• [EXERCISE INSTRUCTIONS]
Set out exactly, and only, the lines running from the one containing "standards in the biomaterials field." to the bottom of the listing below; pictures stay out.

• [ENTRIES SUPPLIED]
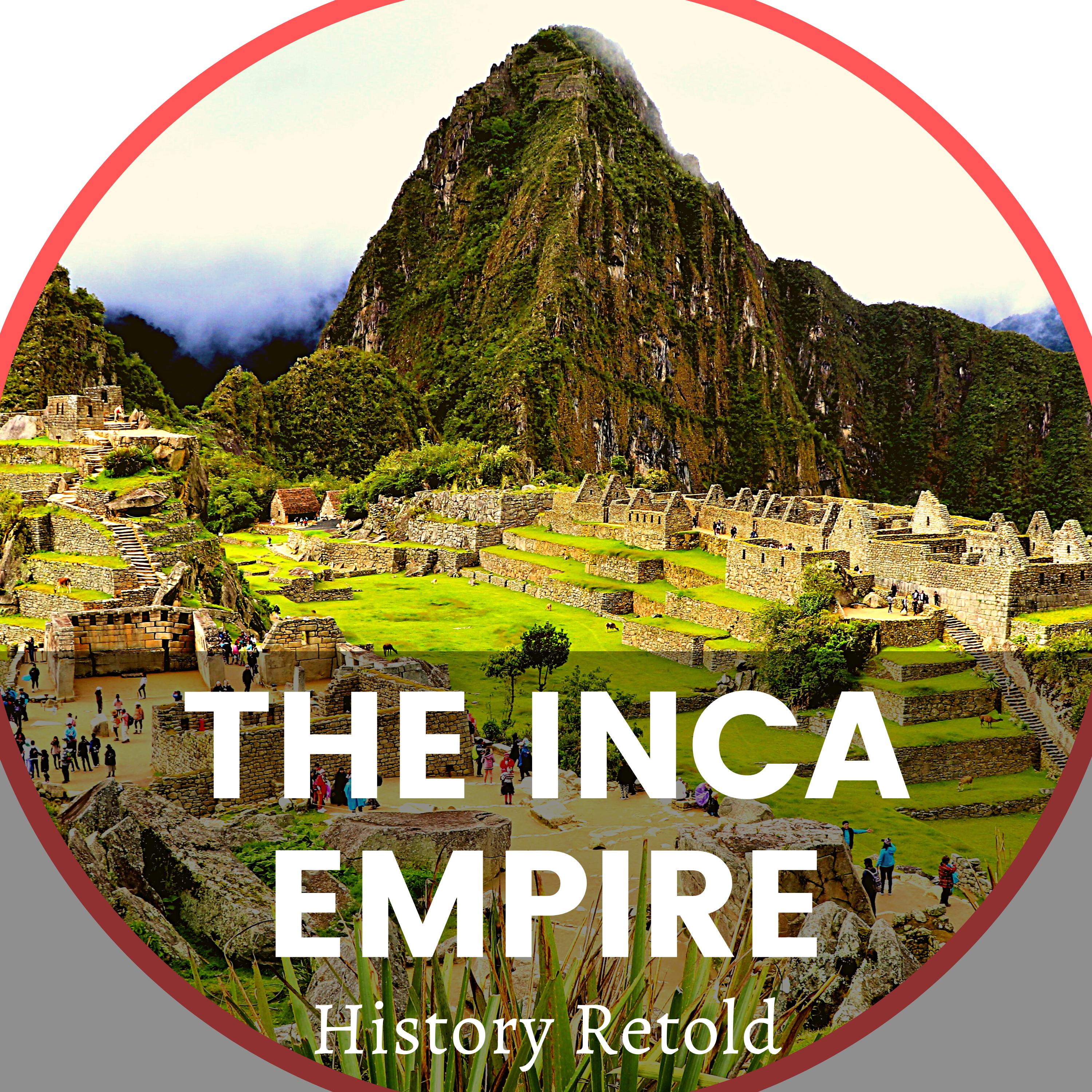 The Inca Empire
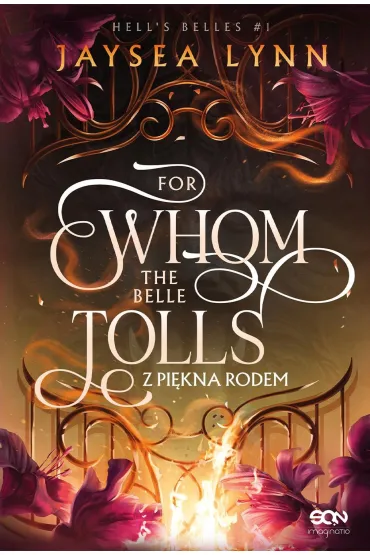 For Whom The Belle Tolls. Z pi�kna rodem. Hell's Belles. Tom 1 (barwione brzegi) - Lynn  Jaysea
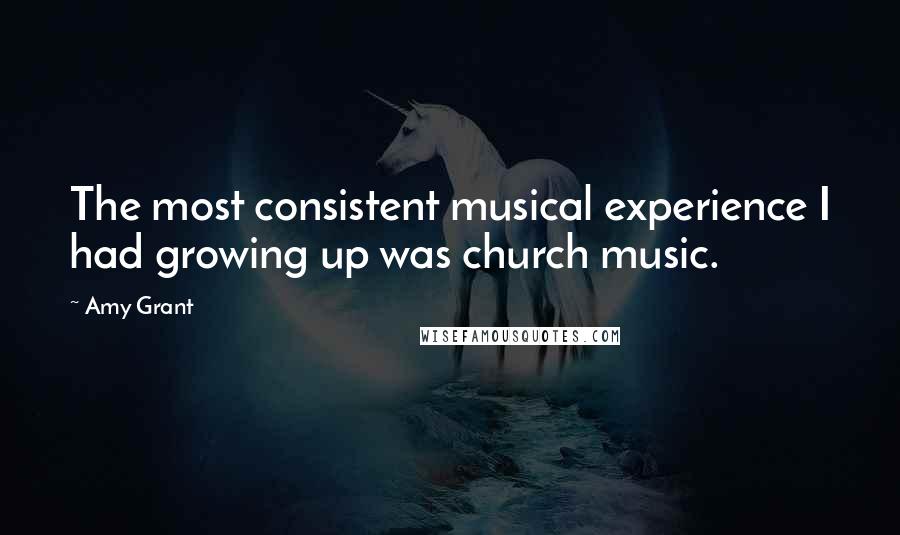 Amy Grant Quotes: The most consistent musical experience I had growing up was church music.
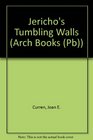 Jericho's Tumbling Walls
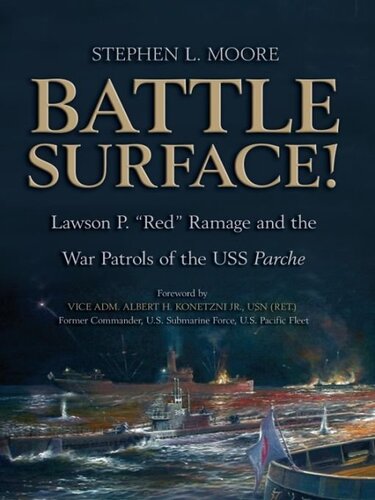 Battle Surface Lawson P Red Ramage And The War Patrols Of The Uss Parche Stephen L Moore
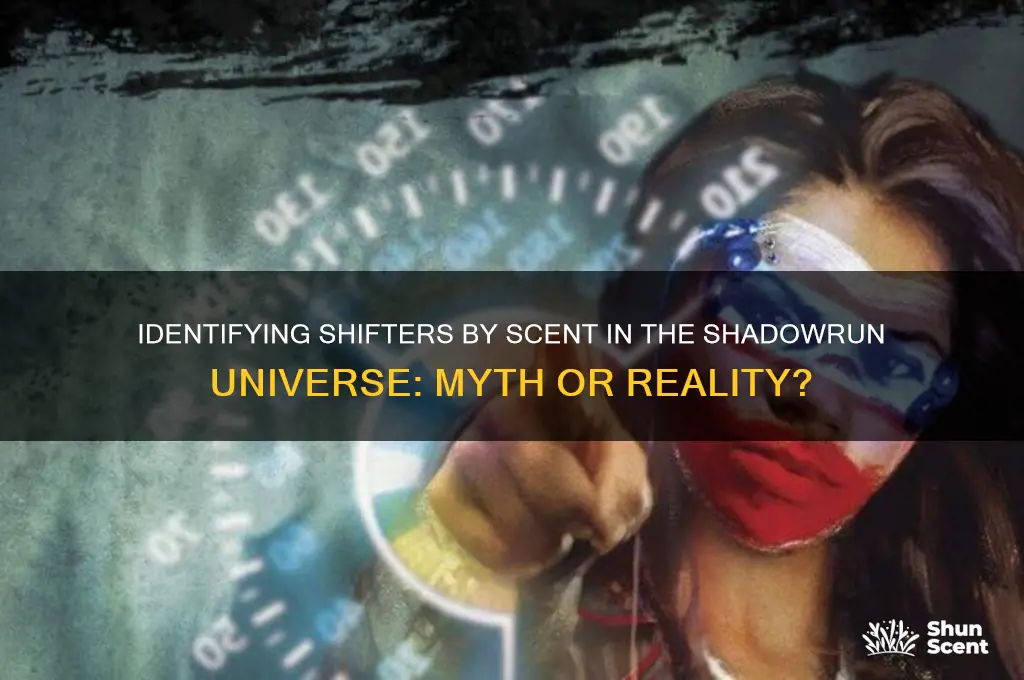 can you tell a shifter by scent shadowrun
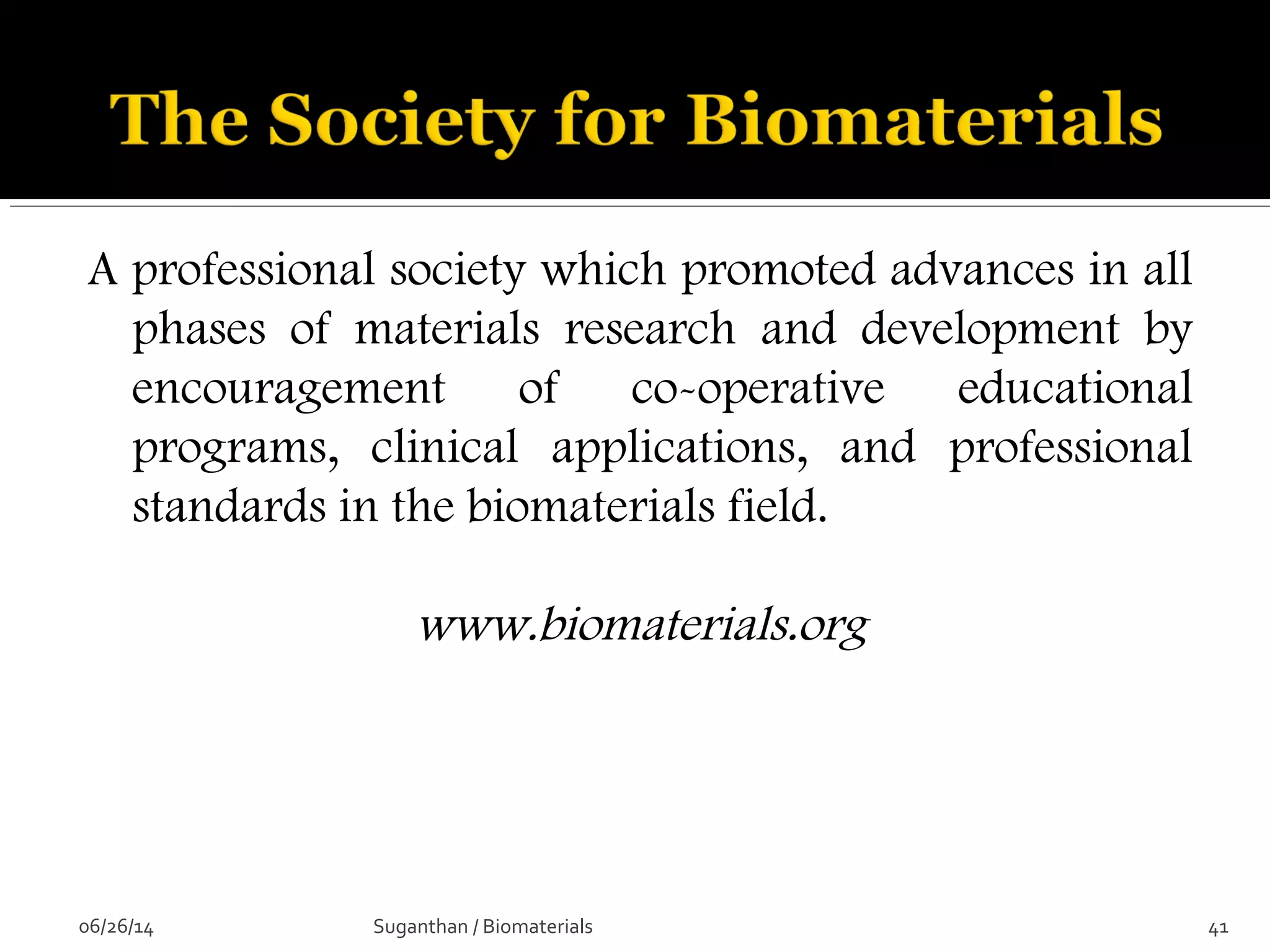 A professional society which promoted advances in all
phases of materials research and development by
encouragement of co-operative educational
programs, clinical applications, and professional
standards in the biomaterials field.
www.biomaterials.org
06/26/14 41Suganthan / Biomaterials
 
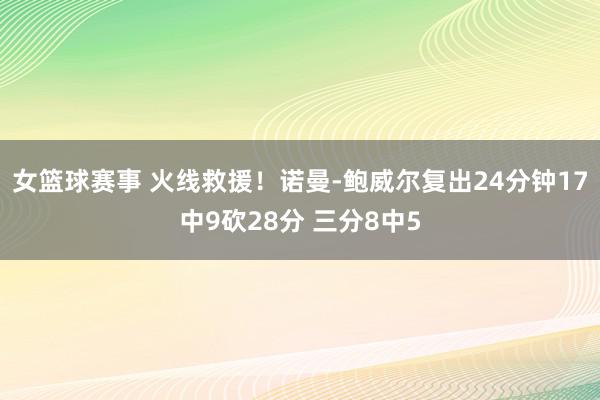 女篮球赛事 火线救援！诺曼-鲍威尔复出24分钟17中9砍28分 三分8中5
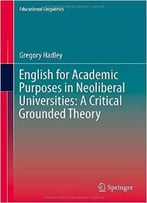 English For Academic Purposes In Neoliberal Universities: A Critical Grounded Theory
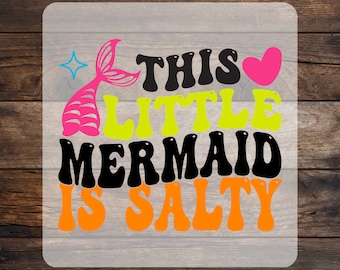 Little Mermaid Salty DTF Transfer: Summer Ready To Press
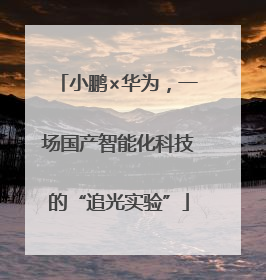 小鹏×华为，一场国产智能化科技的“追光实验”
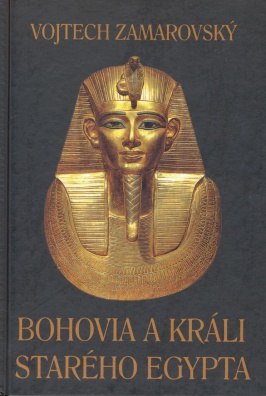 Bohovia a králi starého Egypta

• [REPLY TO THE TASK]
standards in the biomaterials field.
www.biomaterials.org
06/26/14 41Suganthan / Biomaterials
 
 女篮球赛事 火线救援！诺曼-鲍威尔复出24分钟17中9砍28分 三分8中5
 English For Academic Purposes In Neoliberal Universities: A Critical Grounded Theory
 Little Mermaid Salty DTF Transfer: Summer Ready To Press
 小鹏×华为，一场国产智能化科技的“追光实验”
 Bohovia a králi starého Egypta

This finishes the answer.